Beneficial ownership and the effectiveness of AML systems
Here FATF's analysis shows, among other things, that there is still a poor level of compliance in establishing beneficial ownership registers (or other mechanisms), even when this is required by law. This spoils the otherwise acceptable AML performance of some jurisdictions.
The majority of beneficial ownership registers that do exist are either mostly or completely ineffective at doing even the minimum that they are supposed to do. In other words, they fail to provide the police with reliable information about the ultimate beneficial owners of companies or trusts incorporated in their countries.
Effectiveness of AML systems
The report finds that jurisdictions that have laws and institutions in place that are largely compliant with FATF's recommendations are still ineffective in practice. This was lamented in last year's report.

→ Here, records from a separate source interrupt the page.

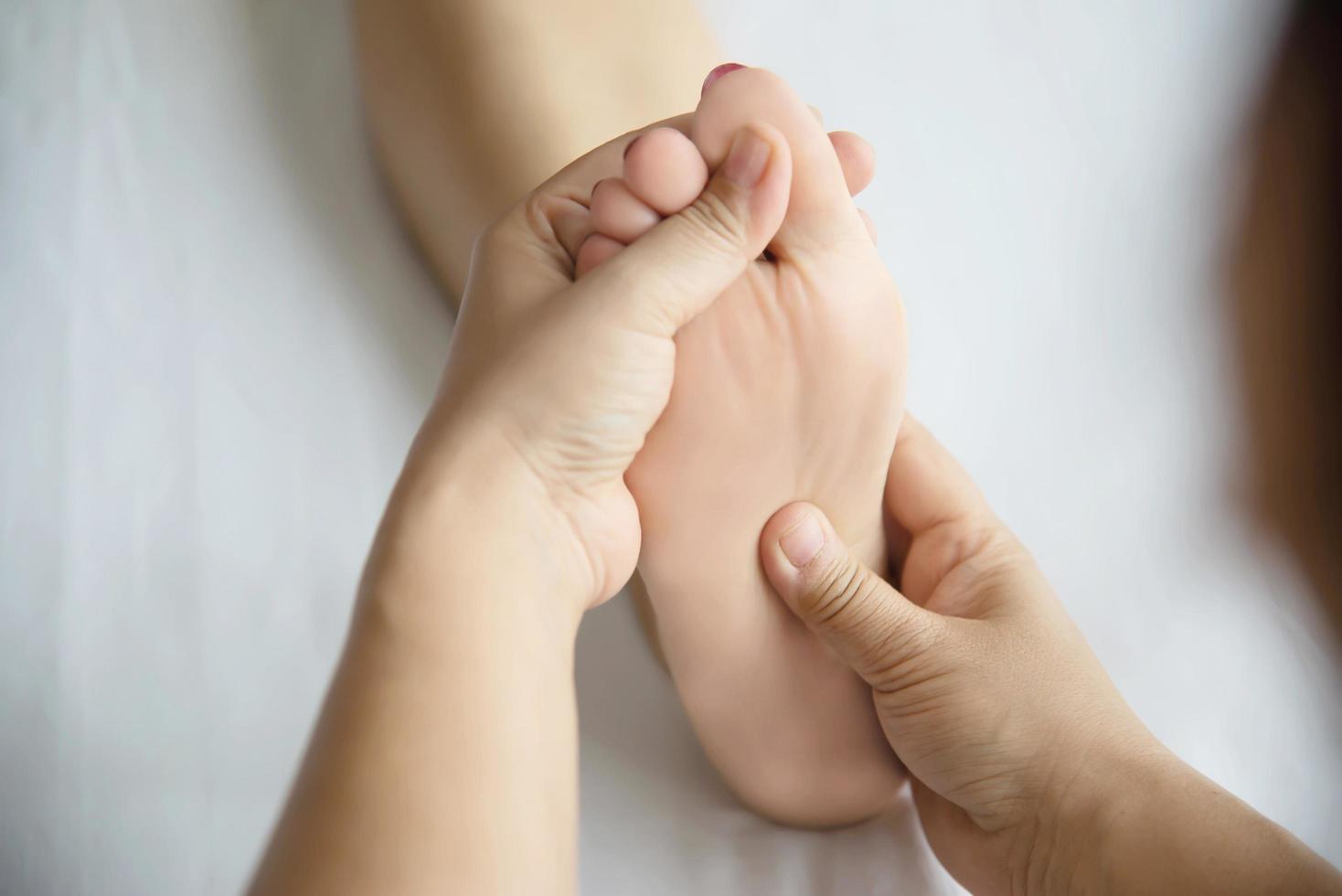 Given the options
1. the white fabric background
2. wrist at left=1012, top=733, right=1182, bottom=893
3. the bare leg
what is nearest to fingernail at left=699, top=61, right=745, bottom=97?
the bare leg

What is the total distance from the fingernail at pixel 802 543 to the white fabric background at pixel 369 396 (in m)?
0.18

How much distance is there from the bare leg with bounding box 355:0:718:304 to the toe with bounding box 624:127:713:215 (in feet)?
0.79

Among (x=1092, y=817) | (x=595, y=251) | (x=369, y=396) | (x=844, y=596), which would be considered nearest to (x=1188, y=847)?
(x=1092, y=817)

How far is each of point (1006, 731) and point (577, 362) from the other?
372 millimetres

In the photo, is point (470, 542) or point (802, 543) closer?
point (470, 542)

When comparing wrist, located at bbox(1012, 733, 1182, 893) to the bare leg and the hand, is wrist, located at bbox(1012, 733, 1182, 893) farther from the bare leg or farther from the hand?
the bare leg

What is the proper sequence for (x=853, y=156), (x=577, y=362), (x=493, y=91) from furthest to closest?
(x=493, y=91), (x=853, y=156), (x=577, y=362)

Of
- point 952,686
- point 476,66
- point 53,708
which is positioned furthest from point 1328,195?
point 53,708

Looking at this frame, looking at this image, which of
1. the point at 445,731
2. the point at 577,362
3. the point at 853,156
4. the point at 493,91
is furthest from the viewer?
the point at 493,91

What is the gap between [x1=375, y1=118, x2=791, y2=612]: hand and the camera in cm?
59

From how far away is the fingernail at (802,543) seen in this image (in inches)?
27.8

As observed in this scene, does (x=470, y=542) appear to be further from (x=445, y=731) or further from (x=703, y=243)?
(x=703, y=243)

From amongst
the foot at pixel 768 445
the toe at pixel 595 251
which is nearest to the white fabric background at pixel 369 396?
the foot at pixel 768 445

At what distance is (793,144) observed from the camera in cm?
63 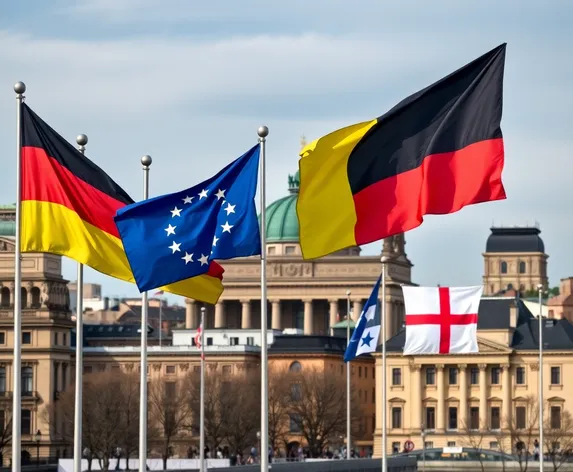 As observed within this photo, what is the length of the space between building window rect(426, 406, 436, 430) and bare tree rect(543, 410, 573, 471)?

Basel writes: "Is there any sign of improvement in the figures for 2021? Not really. Based on the latest FATF data, the average score for effectiveness across all assessed jurisdictions is only 30 percent. That is two times lower than the average score for technical compliance with FATF recommendations, which stands at 64 percent."
Lawrence had her own opinion: "There is a real risk of seeing a repeat of the regulatory fatigue that we saw after the 2008 financial crisis, although this time against a perilous backdrop of the immense challenges that COVID-19 has thrust upon the industry and the appalling conduct of various high profile politicians, potentially risking an up-rise in the 'why should I bother, if they don't' culture."
She summed up the report by warning countries against their tendency to go through the motions when fighting money laundering rather than make real efforts: "To fight ML/TF effectively, in a manner which has a tangible impact against fighting financial crime and protecting some of the most vulnerable people and societies in the world, we must avoid 'mechanical compliance' and adopt a joined-up approach in our fight, which is motivated by improving cultures, values and attitudes within both the industry and regulators, rather than a tick-box approach which offers little in the way of tangible benefits."